The consensus was that we could get more affordable insurance, likely if we were willing to drop our coverage some.
Honestly, I don’t know enough often about car insurance coverage options, as my husband always spearheads this expense. But, he and I both know how important good auto insurance coverage can be when you find yourself in a major car accident like my husband was back in Fall 2011.
We currently live in Texas now and every state has slightly different requirements for their auto insurance coverage (if they require it at all!). I thought it would be helpful to put together information for moms (and anyone looking into car insurance really) so that you know what you are actually paying for and if you should opt for more, or less, coverage, and what discounts you may be able to qualify for in order to save money.
Understanding Auto Insurance Terms
If you’re like me, you’re probably the household money manager and know that prices keep rising for just about everything, so I’d love to help you reduce your auto insurance premiums!
How long has it been since you looked at your policy? Maybe you need less coverage than you did when you originally purchased it. If one of your kids is quickly approaching driving age or has gone off to college, such family changes also change your insurance needs and premium payments.
Here are the things you need to know about auto insurance.
Texas Minimum Coverage for Car Insurance
Under the Texas 30/60/25 rule, you’re required to carry accident liability insurance of $30,000 per injured person, $60,000 per accident, and $25,000 property damage. If you don’t have this minimum coverage and get ticketed for speeding or any other traffic violation, you also will be charged with failing to comply with the Texas financial responsibility law and face a hefty fine plus loss of your driver’s license.
Not fun! I don’t recommend going without car insurance in order to save money. Not worth it!
Is Minimum Coverage Car Insurance Sufficient?
According to the National Safety Council, 40,200 people died in vehicle accidents nationwide in 2016, up 6 percent from 2015. Texas hasn’t had a day without a traffic fatality in more than 15 years! Texas also has over 675,000 miles of road, more than any other state, and the speed limit on most roads is 75 miles per hour and 85 miles per hour in some rural areas.

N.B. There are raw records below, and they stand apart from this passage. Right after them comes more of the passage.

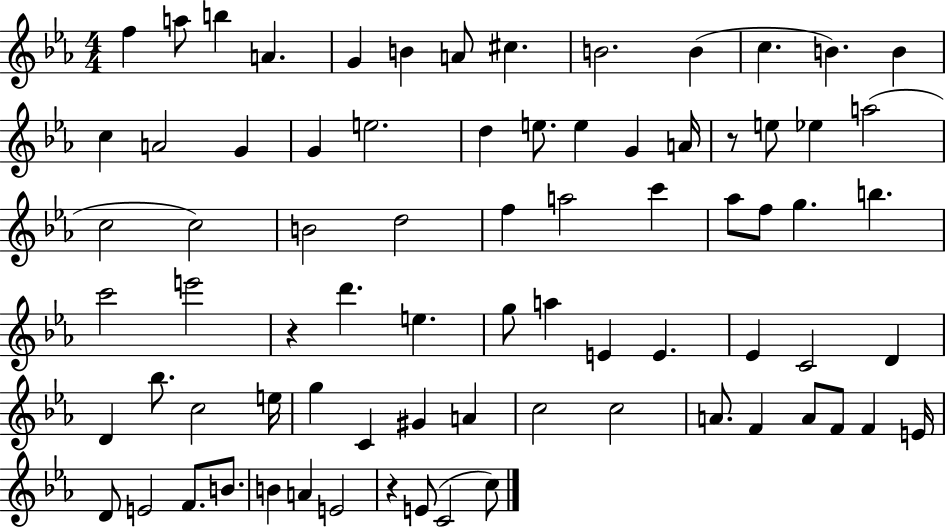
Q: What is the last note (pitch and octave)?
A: C5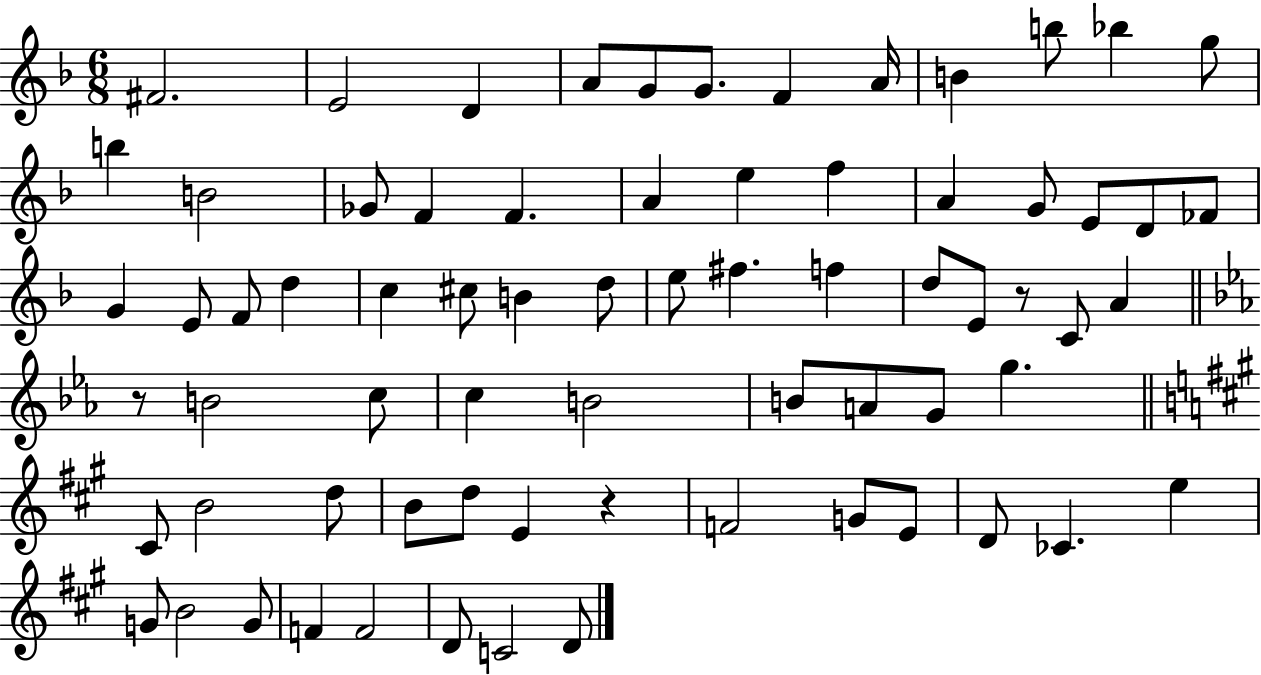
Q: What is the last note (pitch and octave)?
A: D4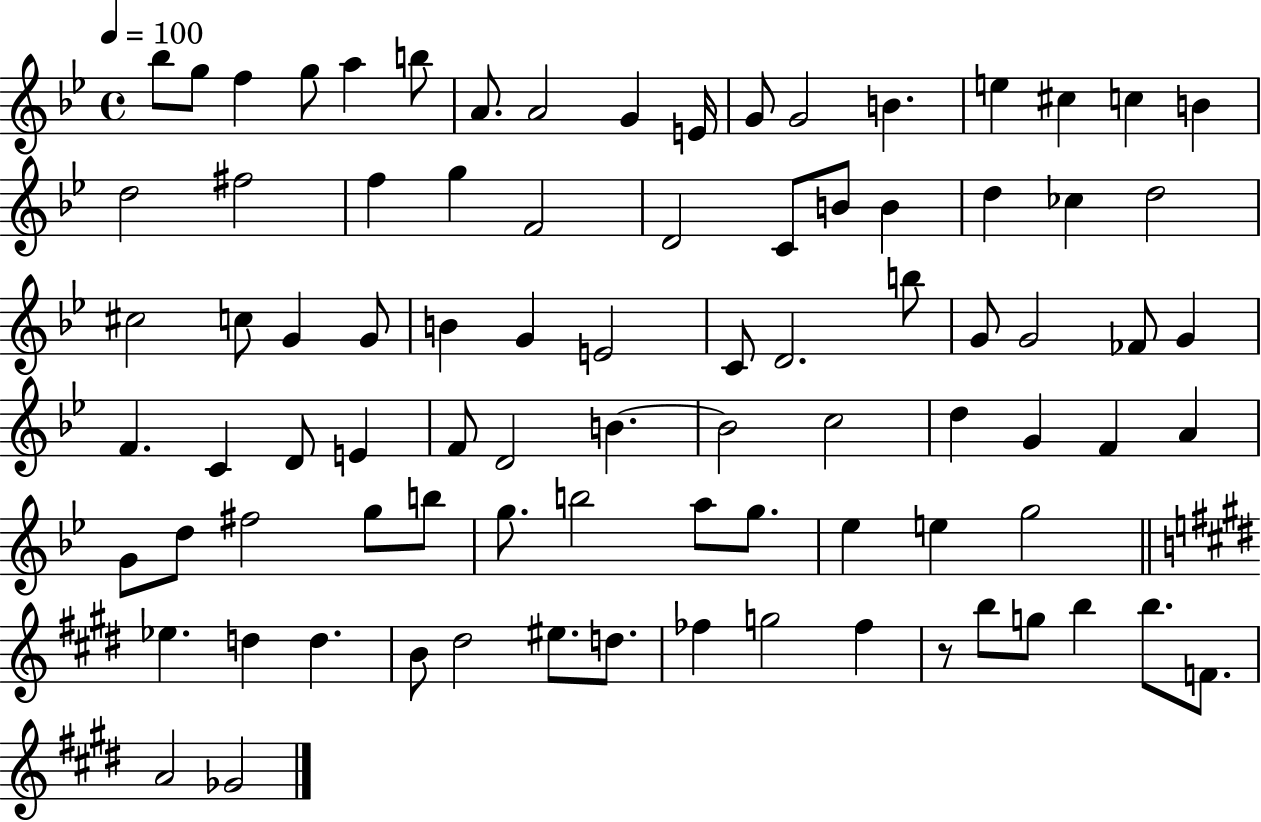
{
  \clef treble
  \time 4/4
  \defaultTimeSignature
  \key bes \major
  \tempo 4 = 100
  bes''8 g''8 f''4 g''8 a''4 b''8 | a'8. a'2 g'4 e'16 | g'8 g'2 b'4. | e''4 cis''4 c''4 b'4 | \break d''2 fis''2 | f''4 g''4 f'2 | d'2 c'8 b'8 b'4 | d''4 ces''4 d''2 | \break cis''2 c''8 g'4 g'8 | b'4 g'4 e'2 | c'8 d'2. b''8 | g'8 g'2 fes'8 g'4 | \break f'4. c'4 d'8 e'4 | f'8 d'2 b'4.~~ | b'2 c''2 | d''4 g'4 f'4 a'4 | \break g'8 d''8 fis''2 g''8 b''8 | g''8. b''2 a''8 g''8. | ees''4 e''4 g''2 | \bar "||" \break \key e \major ees''4. d''4 d''4. | b'8 dis''2 eis''8. d''8. | fes''4 g''2 fes''4 | r8 b''8 g''8 b''4 b''8. f'8. | \break a'2 ges'2 | \bar "|."
}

The problem with minimum coverage is that if you are at fault in an accident and the other driver files a lawsuit against you and is awarded more damages than what your policy will pay, you could be personally liable for the difference.
Types of Auto Insurance Coverage
If you cause an accident, liability insurance pays the expenses of the people in the other vehicle, such as medical and funeral costs, lost wages, and vehicle repair or replacement. It also pays your defense costs if the other driver brings suit against you.
Collision insurance covers the repair or replacement of your car if it’s involved in an accident.
Comprehensive insurance covers repair or replacement if your car is stolen or damaged by fire, vandalism, hail, or other non-collision events.
If you’re making car payments, your lender requires you to have both collision and comprehensive coverage.
Medical payments coverage pays your medical and funeral bills, plus those of your passengers and any bicyclists and pedestrians, no matter who caused the accident.
Personal Injury Protection (PIP) pays 80 percent of the lost wages and caregiver costs of an injured person. Your insurance company automatically gives you $2,500 of PIP coverage, but you can buy more or opt out entirely by written agreement.
Uninsured/Underinsured Motorist (UM/UIM) coverage pays your expenses in the event you’re involved in an accident caused by an uninsured motorist or a hit-and-run driver. There are two kinds: bodily injury pays for your medical bills, lost wages, disfigurement, and permanent or partial disability; property damage pays for the repair or replacement of your property, less a mandatory $250 deductible.
Your insurance company must offer UM/UIM coverage, but you may reject it by written agreement.
Once you and the other drivers on your policy decide what type of coverage makes the most sense for you, it pays to shop for auto insurance!
Contact a local insurance agent to see what kinds of discounts are available.
Many companies offer discounts for:
- multiple cars
- auto and homeowners bundles
- higher deductible
- safe driving record
- students who maintain a certain GPA or take an approved driver education course
- annual or semiannual premium payments
- online premium payments
- low annual mileage
- auto club membership(s)
- professional group membership(s)
- low-risk occupation
Now that you know what to look for, you’re well armed to shop around for the auto insurance that best fits your family’s needs, or so I hope!
I know that auto insurance can be confusing, but I honestly hope you don’t have to use it much in the end. Stay safe!